INPUT DATA »

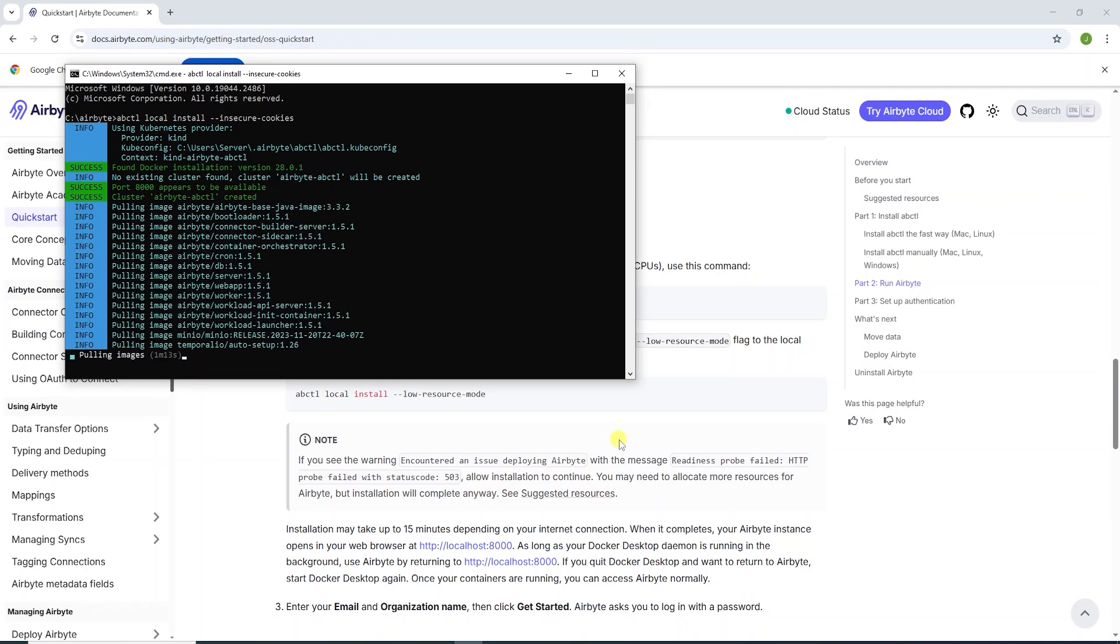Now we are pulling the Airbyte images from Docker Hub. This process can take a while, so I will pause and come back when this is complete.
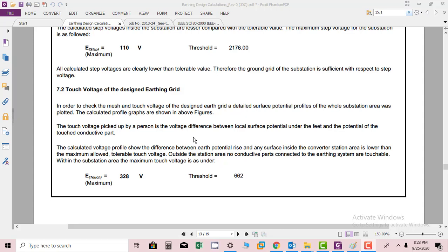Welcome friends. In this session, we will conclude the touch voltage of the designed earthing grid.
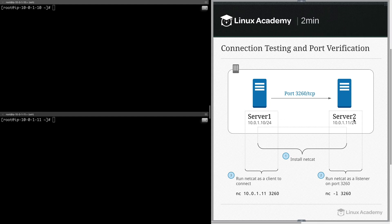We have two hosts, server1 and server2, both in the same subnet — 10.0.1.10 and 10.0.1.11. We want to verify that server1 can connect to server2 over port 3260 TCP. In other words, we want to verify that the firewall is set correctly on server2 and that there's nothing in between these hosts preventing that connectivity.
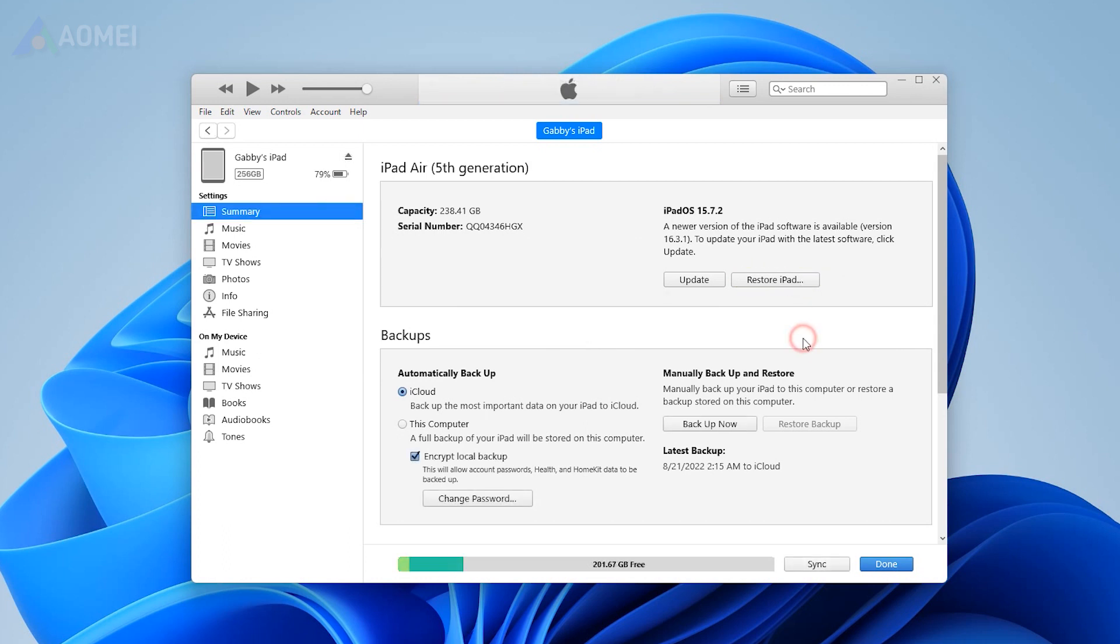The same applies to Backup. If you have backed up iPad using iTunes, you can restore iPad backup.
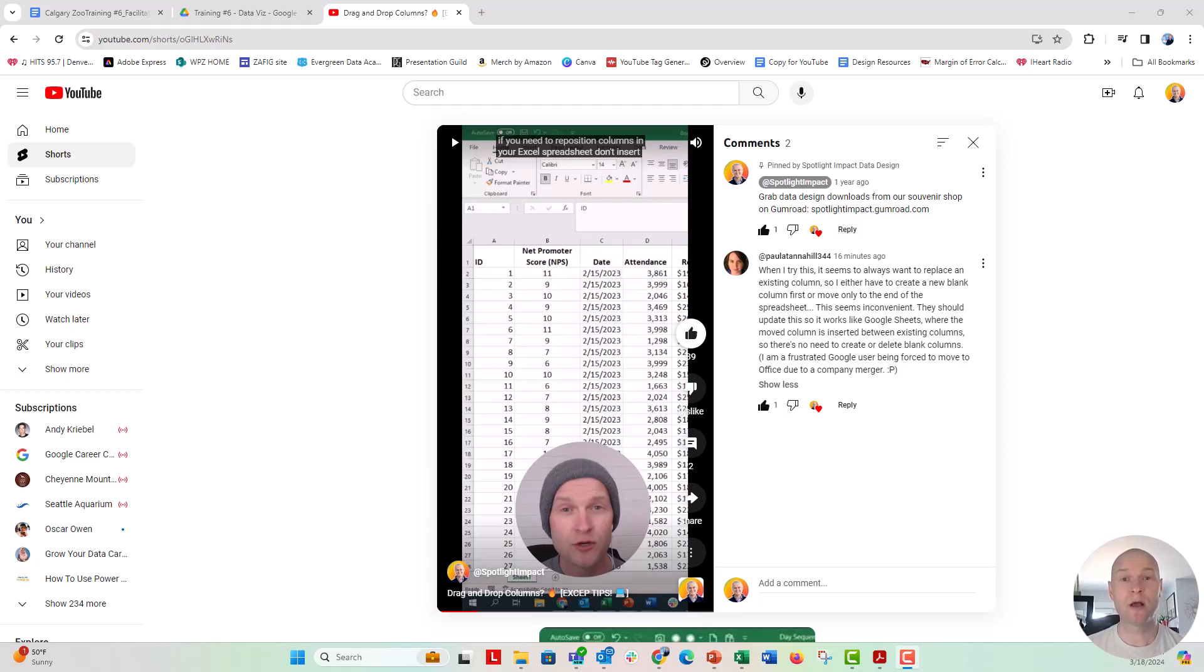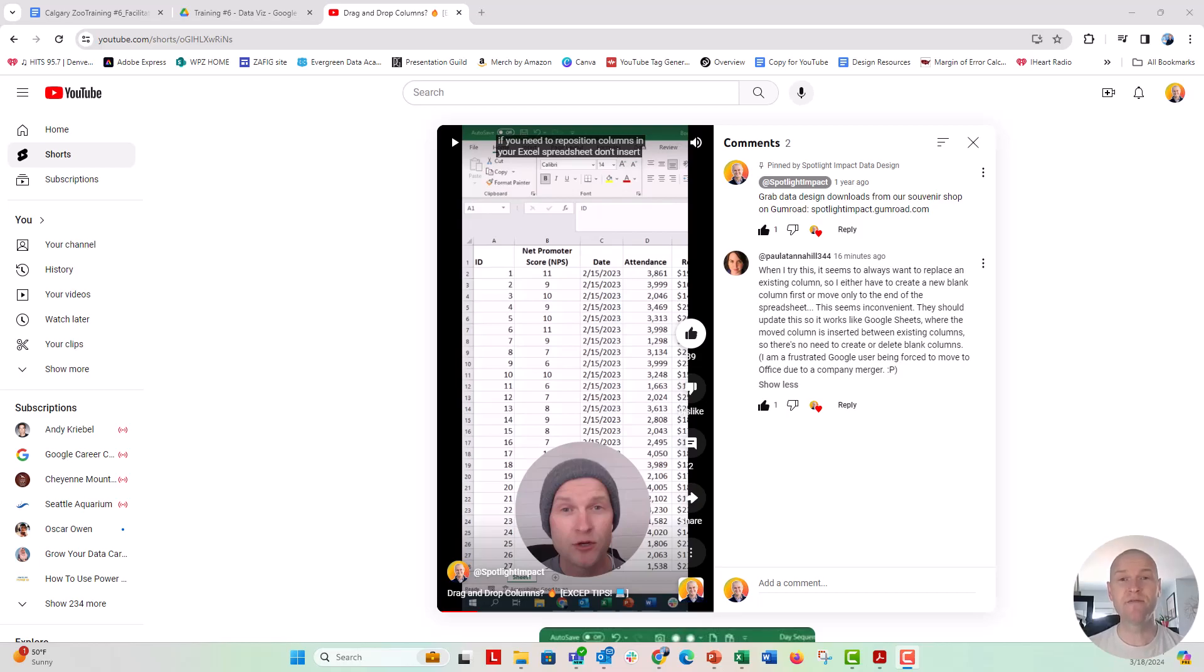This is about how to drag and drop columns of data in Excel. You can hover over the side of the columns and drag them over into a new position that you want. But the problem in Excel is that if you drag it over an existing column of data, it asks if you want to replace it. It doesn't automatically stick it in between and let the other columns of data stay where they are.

==

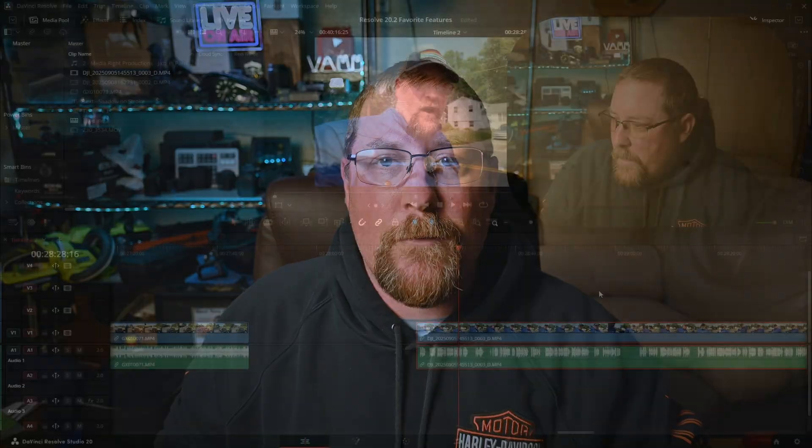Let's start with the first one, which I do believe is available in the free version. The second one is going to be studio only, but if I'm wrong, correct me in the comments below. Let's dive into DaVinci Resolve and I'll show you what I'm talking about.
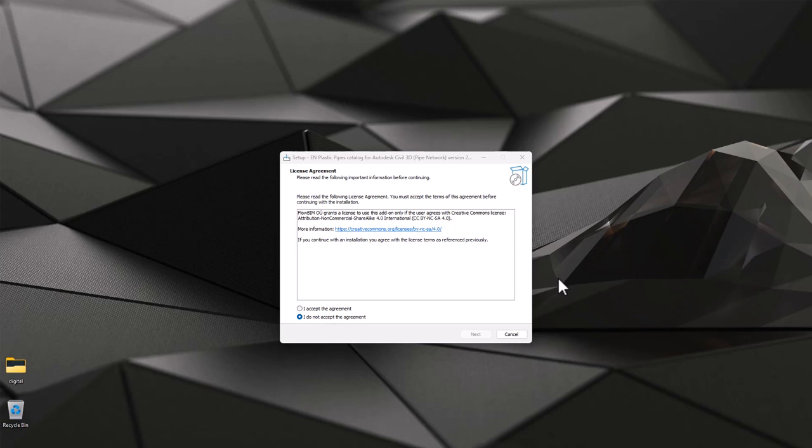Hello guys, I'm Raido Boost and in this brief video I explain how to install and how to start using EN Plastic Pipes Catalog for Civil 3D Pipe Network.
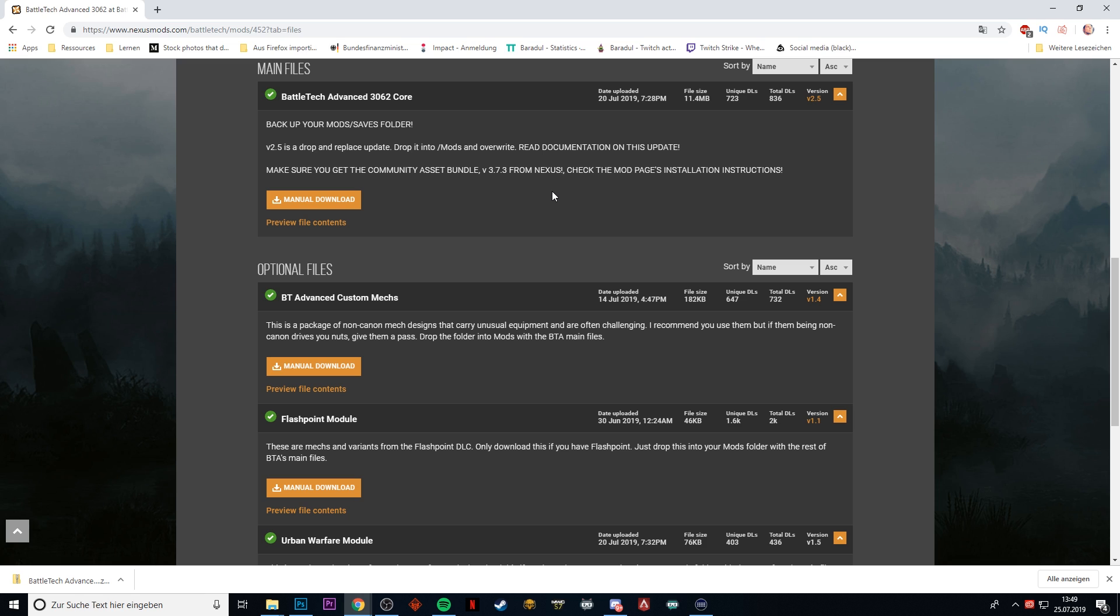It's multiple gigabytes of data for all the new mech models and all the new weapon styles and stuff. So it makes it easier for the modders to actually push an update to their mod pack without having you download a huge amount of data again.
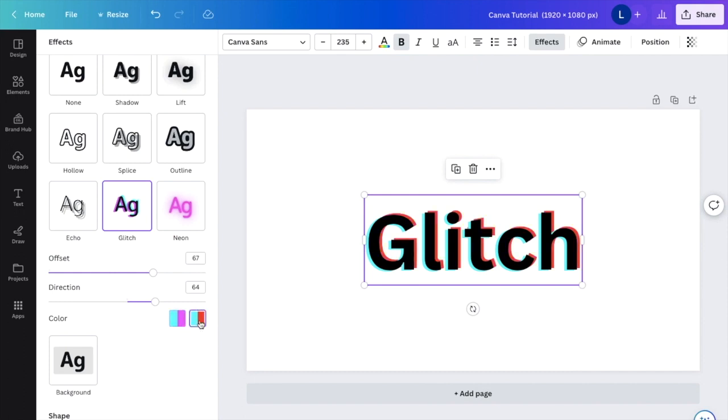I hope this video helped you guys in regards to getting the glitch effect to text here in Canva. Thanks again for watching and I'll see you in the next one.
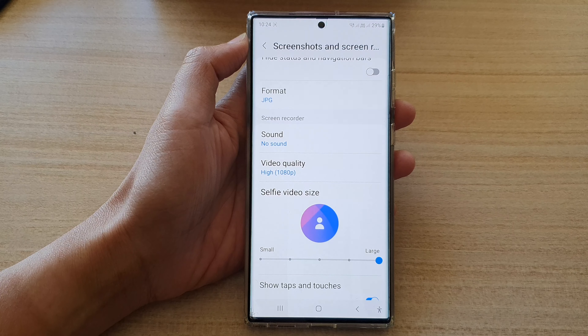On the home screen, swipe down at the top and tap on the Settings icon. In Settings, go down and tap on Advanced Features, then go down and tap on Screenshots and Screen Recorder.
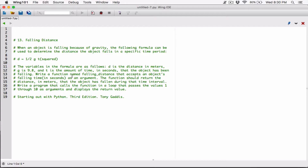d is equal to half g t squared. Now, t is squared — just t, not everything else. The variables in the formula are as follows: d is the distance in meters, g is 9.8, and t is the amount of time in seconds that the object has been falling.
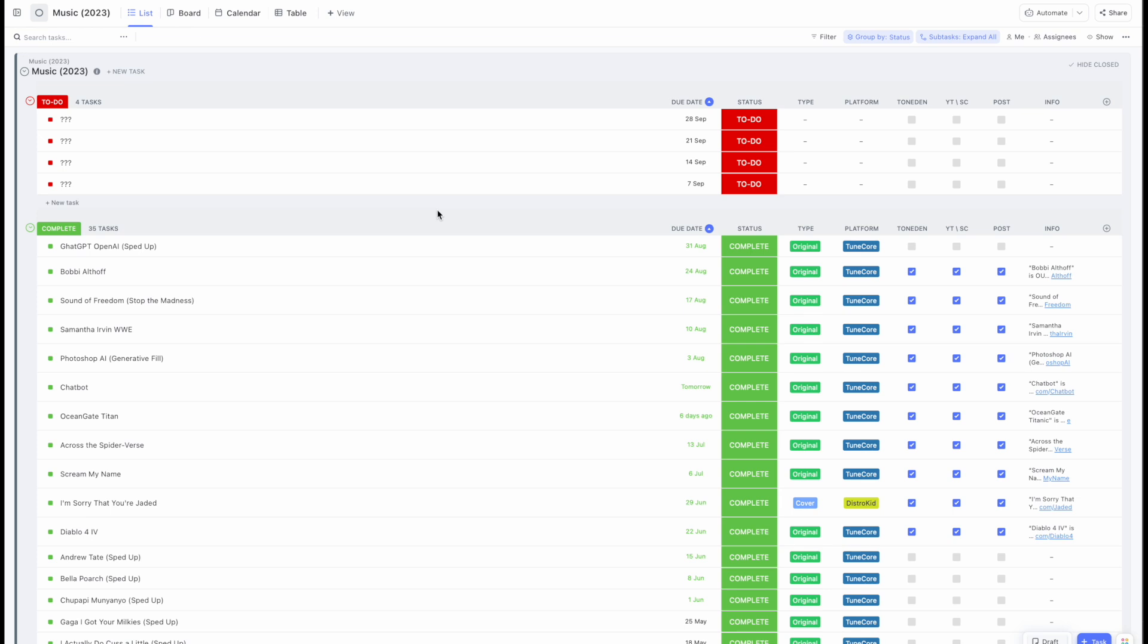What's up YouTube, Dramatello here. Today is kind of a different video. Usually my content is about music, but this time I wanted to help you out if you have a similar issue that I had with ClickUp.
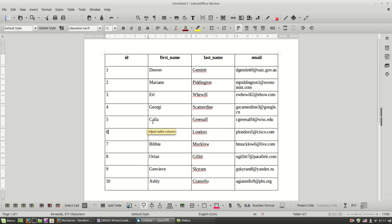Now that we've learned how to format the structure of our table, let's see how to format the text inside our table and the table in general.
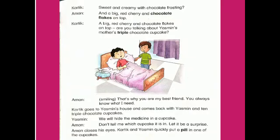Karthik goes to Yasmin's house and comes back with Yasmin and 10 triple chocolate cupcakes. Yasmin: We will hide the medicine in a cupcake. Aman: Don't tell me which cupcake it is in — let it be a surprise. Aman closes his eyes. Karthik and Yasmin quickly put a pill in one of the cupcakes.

---

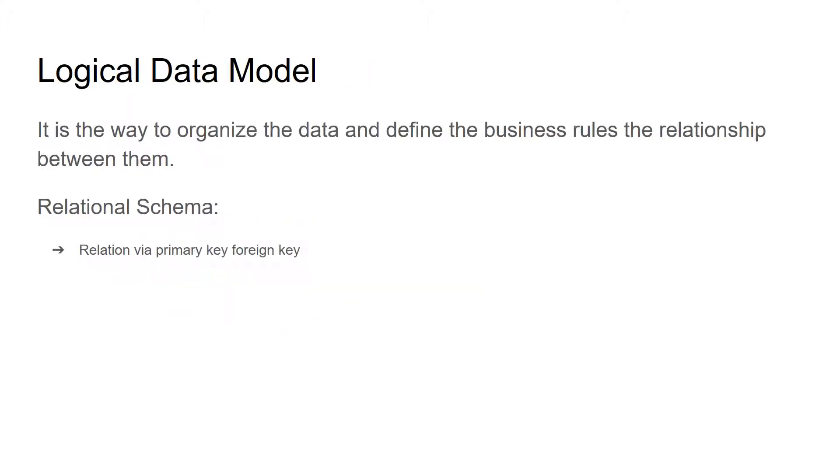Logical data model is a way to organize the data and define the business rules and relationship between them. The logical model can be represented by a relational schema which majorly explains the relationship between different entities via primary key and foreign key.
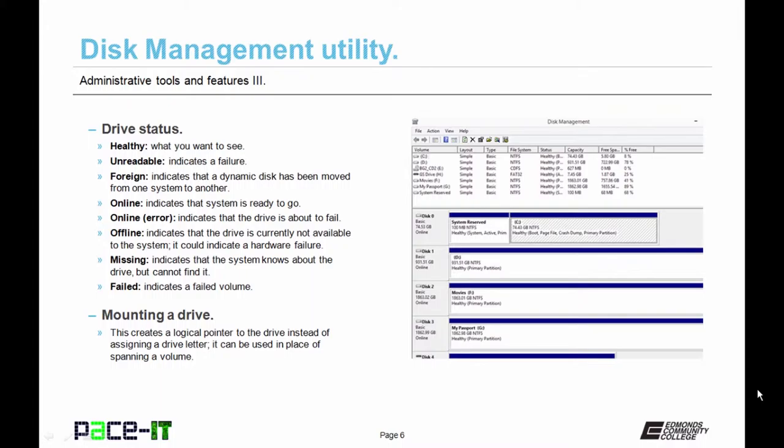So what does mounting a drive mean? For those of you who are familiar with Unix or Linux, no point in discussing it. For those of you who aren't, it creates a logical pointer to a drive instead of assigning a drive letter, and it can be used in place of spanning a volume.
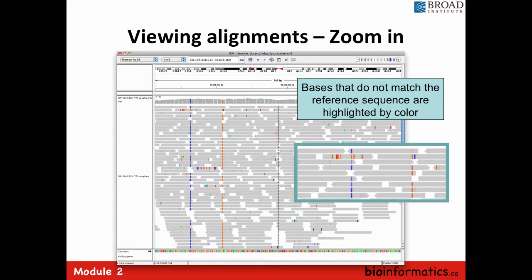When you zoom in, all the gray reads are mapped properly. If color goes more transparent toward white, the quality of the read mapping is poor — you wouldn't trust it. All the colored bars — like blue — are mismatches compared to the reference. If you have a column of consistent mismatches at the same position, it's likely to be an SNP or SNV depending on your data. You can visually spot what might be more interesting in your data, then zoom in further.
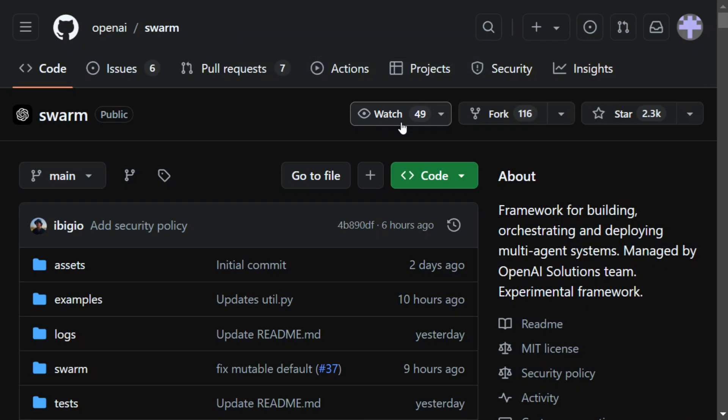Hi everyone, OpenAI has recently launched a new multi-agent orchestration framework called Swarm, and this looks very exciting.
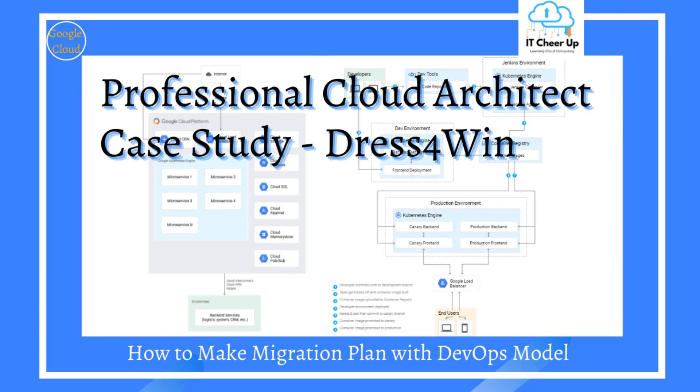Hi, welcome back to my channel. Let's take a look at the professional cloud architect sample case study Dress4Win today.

WORK REQUIRED » Lines wanted from the entries above: the one with "When you zoom", the one with "Hi everyone, OpenAI", and all lines between. Please copy them exactly, without the pictures and without anything else.

TASK OUTPUT »
When you zoom in, all the gray reads are mapped properly. If color goes more transparent toward white, the quality of the read mapping is poor — you wouldn't trust it. All the colored bars — like blue — are mismatches compared to the reference. If you have a column of consistent mismatches at the same position, it's likely to be an SNP or SNV depending on your data. You can visually spot what might be more interesting in your data, then zoom in further.
Hi everyone, OpenAI has recently launched a new multi-agent orchestration framework called Swarm, and this looks very exciting.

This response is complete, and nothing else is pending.